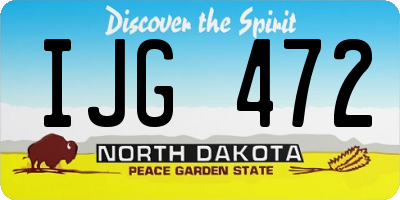 ND license plate IJG472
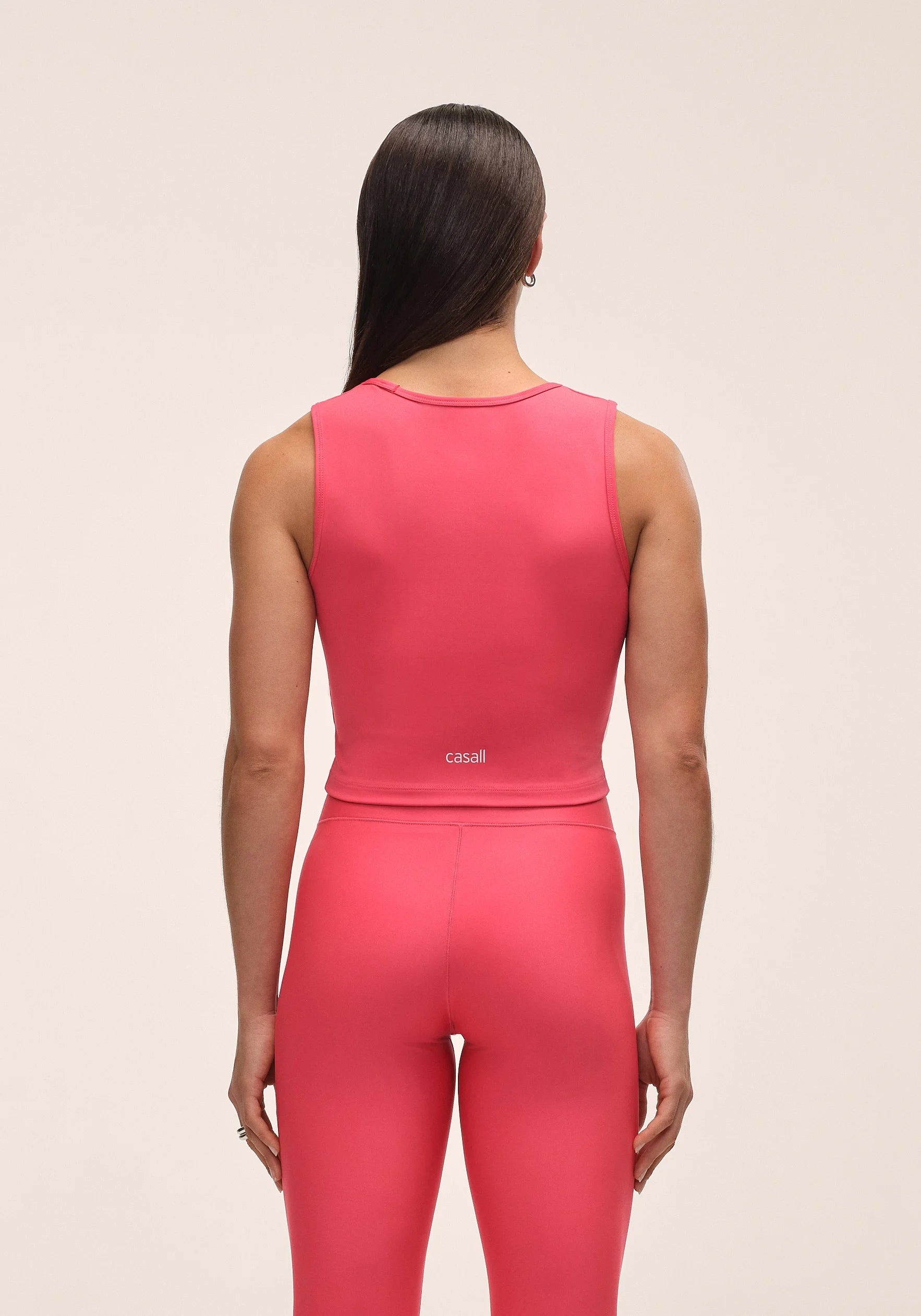 Edge Crop Top - Ruby Blush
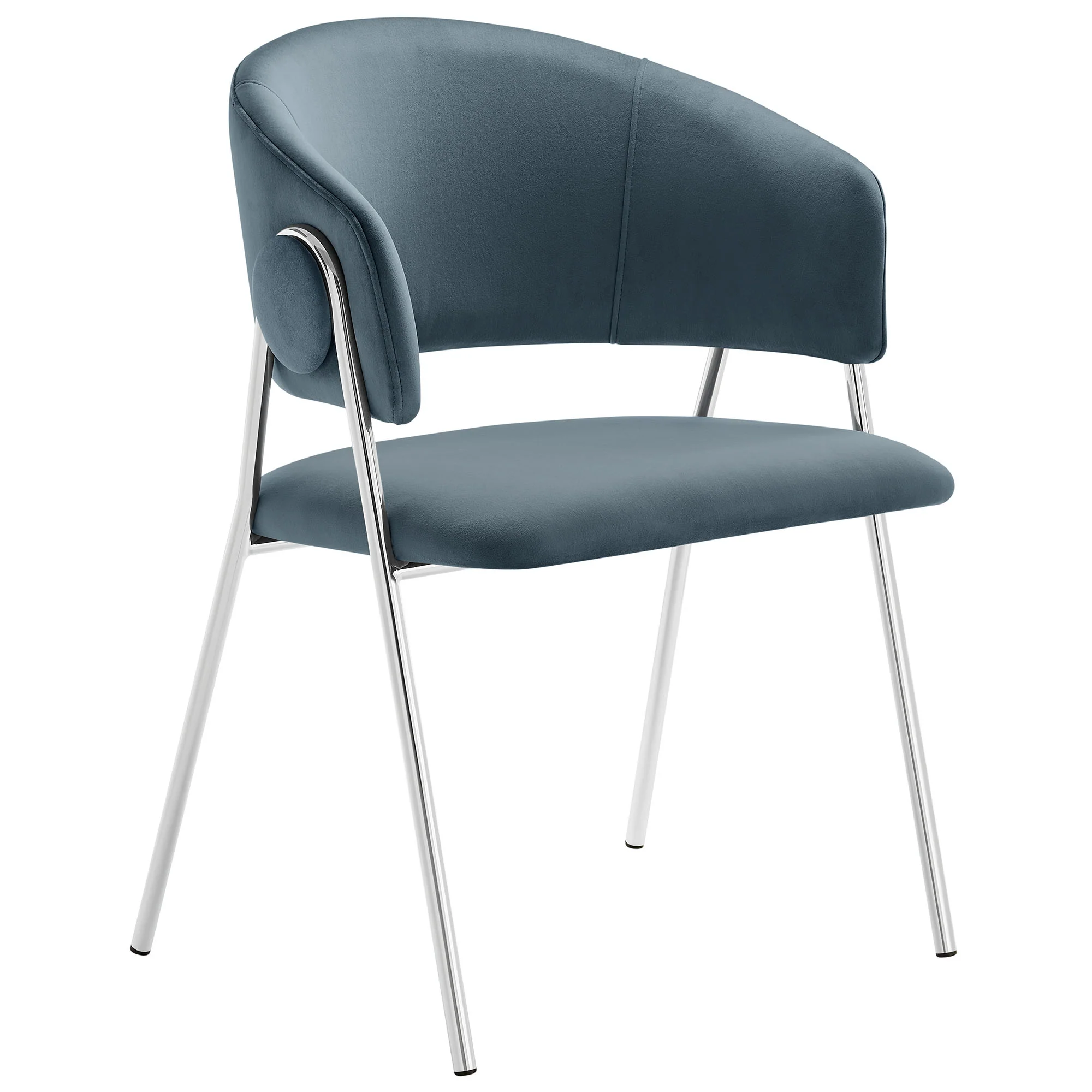 Nella Upholstered Performance Velvet Dining Chair Set of 2 - Image 23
· · ·
• Work to be completed: Word for word, restate every line of the listing, omitting the pictures.

• Response:
 ND license plate IJG472
 Edge Crop Top - Ruby Blush
 Nella Upholstered Performance Velvet Dining Chair Set of 2 - Image 23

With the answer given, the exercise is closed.